Behavioural problems cannot explain differences in the educational achievements of girls and boys
Late pubertal development is associated with a slower rate of cognitive skill growth during adolescence, which is also reflected in lower levels of educational attainment and earnings later in life.
Photo: Michal Knitl / Shutterstock.com
According to a study by Tuomas Pekkarinen and Kristian Koerselman, the timing of puberty can only explain a small amount of the differences in educational outcomes of girls and boys.
It is a well-known fact that girls mature earlier than boys.
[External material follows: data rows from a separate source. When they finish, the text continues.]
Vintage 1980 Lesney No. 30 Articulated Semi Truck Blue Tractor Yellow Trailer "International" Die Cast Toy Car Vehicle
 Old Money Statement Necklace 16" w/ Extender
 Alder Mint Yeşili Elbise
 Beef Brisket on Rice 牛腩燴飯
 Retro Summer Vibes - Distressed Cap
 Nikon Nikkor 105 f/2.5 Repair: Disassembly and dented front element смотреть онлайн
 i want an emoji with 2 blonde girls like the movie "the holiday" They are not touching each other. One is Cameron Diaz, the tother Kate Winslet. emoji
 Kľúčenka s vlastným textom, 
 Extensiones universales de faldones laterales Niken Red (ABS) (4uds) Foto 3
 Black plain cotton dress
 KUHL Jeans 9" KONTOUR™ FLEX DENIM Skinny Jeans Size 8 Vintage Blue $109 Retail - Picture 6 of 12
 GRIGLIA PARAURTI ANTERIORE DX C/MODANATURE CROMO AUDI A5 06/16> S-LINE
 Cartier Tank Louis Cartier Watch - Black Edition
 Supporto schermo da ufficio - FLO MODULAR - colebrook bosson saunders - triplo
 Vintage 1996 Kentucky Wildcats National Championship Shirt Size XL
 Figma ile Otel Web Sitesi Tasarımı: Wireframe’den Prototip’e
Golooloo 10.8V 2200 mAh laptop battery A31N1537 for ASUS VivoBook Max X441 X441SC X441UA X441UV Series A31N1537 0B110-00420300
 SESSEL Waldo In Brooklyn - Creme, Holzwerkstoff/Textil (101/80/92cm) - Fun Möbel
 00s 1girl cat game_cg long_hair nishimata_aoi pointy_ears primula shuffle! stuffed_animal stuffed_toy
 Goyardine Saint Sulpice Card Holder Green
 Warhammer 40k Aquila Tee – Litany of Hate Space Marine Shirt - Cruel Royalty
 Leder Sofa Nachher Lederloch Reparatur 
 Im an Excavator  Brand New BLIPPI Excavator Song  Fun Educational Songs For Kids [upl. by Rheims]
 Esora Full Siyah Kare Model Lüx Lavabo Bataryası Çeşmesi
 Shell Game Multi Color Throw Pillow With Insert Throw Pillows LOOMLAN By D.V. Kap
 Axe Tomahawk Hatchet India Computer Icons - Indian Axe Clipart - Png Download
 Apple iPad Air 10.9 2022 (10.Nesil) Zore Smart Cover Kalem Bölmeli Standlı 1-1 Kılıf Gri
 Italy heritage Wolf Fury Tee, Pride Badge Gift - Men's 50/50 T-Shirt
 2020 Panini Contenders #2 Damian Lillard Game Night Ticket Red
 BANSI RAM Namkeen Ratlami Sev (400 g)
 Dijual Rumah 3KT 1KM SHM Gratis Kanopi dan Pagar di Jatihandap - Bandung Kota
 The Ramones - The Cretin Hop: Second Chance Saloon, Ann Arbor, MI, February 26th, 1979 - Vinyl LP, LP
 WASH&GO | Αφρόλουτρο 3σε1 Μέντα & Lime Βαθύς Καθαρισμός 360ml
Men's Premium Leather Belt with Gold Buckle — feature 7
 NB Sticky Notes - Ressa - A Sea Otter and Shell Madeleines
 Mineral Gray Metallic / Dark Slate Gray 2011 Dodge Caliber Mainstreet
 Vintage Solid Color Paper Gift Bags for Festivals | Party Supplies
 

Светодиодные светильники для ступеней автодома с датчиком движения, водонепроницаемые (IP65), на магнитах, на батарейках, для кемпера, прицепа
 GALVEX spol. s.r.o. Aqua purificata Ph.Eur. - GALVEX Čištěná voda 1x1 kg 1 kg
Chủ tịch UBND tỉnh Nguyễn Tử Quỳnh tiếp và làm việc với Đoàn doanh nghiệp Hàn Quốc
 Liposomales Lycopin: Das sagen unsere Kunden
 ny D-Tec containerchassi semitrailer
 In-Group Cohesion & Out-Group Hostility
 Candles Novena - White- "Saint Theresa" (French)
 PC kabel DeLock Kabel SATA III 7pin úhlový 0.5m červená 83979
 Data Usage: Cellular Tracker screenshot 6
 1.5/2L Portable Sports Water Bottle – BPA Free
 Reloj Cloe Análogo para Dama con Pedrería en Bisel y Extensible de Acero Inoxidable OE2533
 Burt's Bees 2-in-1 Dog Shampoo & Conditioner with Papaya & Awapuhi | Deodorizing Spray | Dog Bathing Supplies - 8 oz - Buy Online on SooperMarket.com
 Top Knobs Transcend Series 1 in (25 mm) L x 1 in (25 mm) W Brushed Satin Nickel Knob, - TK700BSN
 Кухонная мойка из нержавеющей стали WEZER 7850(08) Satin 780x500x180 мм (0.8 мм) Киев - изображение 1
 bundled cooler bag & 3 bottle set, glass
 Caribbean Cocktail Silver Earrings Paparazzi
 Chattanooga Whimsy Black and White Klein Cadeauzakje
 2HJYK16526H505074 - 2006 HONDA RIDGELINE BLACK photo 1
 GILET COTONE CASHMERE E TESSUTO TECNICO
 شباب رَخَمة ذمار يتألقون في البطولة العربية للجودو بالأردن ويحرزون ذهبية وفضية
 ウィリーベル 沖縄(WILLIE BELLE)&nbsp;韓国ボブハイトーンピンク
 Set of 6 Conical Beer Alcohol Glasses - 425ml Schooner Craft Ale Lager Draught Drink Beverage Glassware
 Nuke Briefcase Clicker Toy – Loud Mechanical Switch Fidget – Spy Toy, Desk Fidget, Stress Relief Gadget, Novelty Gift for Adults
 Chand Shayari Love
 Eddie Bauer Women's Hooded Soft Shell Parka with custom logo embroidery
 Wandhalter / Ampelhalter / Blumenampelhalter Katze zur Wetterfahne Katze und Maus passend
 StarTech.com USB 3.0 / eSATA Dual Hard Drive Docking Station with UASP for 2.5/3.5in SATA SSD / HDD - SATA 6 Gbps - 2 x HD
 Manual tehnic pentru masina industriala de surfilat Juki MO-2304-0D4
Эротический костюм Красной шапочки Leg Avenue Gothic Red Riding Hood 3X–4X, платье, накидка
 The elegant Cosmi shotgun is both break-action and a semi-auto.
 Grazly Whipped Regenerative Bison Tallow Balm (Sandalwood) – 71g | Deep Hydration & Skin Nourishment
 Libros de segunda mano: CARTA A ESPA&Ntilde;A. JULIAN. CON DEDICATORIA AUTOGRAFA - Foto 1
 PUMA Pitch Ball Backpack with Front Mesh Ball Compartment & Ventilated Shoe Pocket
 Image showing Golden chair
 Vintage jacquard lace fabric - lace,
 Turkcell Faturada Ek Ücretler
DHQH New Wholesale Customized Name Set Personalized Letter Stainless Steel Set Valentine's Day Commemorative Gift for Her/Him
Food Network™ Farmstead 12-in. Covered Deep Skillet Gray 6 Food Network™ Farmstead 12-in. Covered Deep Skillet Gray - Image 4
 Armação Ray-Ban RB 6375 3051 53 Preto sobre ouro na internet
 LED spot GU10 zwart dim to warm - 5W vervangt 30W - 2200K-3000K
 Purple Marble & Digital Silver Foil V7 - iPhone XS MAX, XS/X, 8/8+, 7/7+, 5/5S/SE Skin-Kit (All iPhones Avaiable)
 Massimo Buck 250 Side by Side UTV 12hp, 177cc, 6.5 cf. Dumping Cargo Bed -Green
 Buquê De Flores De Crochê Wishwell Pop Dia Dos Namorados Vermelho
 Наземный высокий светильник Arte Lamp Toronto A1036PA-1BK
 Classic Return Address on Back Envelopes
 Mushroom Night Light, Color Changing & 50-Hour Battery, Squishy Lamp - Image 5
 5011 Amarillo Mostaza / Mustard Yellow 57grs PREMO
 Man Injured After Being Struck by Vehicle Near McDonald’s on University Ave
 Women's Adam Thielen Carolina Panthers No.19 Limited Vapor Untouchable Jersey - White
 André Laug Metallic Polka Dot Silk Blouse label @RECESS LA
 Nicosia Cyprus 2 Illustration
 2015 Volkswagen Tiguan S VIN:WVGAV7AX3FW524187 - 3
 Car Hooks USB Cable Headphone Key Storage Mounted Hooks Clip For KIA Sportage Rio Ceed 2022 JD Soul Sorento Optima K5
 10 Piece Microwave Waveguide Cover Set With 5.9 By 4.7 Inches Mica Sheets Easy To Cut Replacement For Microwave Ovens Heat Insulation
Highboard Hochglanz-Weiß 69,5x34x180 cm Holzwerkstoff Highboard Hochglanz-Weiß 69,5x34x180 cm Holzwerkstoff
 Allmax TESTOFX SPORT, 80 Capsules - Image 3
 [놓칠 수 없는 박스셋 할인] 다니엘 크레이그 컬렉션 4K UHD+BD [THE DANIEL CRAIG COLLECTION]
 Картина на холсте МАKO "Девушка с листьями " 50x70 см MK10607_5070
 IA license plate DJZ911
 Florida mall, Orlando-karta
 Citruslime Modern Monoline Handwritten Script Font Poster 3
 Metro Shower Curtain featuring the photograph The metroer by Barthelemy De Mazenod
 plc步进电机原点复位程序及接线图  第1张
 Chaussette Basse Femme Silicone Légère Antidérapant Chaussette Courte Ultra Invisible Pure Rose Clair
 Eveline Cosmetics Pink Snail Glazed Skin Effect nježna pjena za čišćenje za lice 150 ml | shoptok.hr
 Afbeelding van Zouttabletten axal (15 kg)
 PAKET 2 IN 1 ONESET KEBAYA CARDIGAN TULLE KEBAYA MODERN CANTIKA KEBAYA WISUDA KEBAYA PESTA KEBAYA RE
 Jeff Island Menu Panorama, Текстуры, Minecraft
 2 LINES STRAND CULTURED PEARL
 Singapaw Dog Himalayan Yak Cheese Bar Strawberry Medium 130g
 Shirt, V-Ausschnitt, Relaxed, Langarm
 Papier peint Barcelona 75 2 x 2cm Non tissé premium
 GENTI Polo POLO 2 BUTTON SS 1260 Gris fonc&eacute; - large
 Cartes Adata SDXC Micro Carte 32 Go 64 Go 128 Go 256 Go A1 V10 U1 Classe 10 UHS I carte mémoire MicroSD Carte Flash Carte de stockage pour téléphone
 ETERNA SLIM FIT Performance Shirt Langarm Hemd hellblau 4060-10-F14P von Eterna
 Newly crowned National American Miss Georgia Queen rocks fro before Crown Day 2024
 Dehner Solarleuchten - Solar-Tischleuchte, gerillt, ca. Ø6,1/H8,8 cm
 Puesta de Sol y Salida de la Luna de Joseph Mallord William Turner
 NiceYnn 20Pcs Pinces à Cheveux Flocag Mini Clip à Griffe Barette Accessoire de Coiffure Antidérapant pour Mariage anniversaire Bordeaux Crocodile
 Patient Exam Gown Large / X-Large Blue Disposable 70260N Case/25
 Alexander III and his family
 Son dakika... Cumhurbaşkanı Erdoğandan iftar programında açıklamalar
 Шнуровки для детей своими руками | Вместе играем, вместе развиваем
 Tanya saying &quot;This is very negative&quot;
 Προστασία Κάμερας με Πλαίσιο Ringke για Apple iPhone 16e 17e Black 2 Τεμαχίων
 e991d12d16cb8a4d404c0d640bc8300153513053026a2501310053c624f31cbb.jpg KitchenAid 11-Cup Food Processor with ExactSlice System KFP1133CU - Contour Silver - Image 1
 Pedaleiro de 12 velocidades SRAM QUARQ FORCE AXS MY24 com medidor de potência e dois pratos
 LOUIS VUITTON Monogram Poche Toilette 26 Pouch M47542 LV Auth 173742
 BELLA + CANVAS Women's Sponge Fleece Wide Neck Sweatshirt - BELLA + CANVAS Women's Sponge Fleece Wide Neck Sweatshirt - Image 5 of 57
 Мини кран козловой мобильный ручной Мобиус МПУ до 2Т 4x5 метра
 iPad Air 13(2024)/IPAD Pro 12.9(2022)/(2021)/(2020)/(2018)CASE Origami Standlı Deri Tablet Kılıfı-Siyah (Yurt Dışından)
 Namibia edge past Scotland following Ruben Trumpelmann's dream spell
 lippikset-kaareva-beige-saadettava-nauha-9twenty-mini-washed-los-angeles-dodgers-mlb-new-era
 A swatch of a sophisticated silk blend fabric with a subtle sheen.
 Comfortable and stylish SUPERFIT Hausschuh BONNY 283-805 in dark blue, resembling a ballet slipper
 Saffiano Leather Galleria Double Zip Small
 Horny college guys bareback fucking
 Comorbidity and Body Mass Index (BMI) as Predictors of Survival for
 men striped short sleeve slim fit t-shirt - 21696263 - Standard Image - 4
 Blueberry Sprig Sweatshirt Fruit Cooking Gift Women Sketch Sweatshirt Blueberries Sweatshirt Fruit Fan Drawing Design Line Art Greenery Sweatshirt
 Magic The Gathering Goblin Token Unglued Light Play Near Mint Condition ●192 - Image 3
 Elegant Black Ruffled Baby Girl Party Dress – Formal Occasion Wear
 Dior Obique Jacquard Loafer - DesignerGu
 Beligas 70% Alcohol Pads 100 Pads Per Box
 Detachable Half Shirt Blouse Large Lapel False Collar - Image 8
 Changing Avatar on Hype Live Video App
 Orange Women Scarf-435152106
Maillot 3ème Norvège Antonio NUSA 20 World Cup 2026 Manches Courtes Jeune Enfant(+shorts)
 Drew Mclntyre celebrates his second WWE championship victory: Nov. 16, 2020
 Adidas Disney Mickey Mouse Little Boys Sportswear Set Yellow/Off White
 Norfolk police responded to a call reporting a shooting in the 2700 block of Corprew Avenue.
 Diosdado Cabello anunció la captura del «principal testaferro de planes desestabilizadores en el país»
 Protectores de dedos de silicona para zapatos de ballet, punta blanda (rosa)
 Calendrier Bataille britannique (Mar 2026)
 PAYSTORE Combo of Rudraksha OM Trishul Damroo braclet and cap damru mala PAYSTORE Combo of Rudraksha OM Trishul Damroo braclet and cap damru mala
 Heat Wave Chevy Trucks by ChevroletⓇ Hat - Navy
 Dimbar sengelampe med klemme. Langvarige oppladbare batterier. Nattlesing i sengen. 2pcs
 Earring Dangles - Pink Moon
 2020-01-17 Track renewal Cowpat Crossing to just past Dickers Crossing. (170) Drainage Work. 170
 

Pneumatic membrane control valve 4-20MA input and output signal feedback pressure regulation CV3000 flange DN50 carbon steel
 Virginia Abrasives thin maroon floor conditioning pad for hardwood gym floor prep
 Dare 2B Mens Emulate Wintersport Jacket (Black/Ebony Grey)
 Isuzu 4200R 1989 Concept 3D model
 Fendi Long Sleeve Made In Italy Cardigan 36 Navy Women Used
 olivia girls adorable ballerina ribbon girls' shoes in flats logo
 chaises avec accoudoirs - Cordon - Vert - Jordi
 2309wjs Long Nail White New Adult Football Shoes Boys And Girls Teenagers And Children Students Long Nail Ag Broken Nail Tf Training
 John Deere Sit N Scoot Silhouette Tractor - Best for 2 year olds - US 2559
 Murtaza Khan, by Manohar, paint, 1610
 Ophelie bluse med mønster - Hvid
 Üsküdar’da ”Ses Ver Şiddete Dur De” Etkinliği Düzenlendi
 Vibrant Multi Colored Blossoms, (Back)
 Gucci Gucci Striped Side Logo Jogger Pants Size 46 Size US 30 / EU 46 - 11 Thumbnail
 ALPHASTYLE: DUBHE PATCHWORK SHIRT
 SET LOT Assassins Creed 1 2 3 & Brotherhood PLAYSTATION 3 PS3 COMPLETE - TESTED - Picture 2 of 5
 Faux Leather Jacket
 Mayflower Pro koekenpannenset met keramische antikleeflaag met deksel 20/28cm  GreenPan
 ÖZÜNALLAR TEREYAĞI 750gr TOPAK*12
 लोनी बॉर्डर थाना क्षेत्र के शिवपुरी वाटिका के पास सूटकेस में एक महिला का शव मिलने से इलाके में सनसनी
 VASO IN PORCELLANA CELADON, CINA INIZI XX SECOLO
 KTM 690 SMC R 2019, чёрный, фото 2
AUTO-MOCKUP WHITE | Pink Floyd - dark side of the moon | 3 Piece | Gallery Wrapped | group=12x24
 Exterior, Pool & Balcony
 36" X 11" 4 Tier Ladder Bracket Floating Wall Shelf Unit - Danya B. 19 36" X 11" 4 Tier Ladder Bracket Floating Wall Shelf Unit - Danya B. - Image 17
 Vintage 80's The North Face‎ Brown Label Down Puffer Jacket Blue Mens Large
Since the gender difference in pubertal development is greatest during the years in which important secondary education decisions are taken, the timing of puberty is often cited as one potential explanation for female dominance in educational achievement in most developed countries.
According to the study, which is based on an extensive British data sample, late developing children experience substantially slower development of cognitive skills between ages 7 and 16, which in turn can affect their education and labour market outcomes later in life. Tuomas Pekkarinen points out that this result cannot be explained by behavioural changes related to puberty, such as lack of self-discipline.
“Behavioural problems related to puberty are often associated with boys in public debate, and indeed, they are more common among boys. According to our study, the effect of the timing of puberty is not as direct: it explains some of the gender differences in educational achievement, but statistically the difference is very small.”
Pekkarinen also notes that in Finland, 16-year-olds need to make difficult choices when applying for secondary education, and particularly for vocational education where the range of education offered is extensive. It is also important to consider the individual developmental differences, which is already a standard practice in most Finnish schools.
“The British education system has traditionally been quite straightforward, but late development can still be seen in final educational achievement and wages in Britain. Although this was not directly addressed in the study, late developing children can experience great difficulties in Finland, where the choices related to secondary education can be awfully complicated.”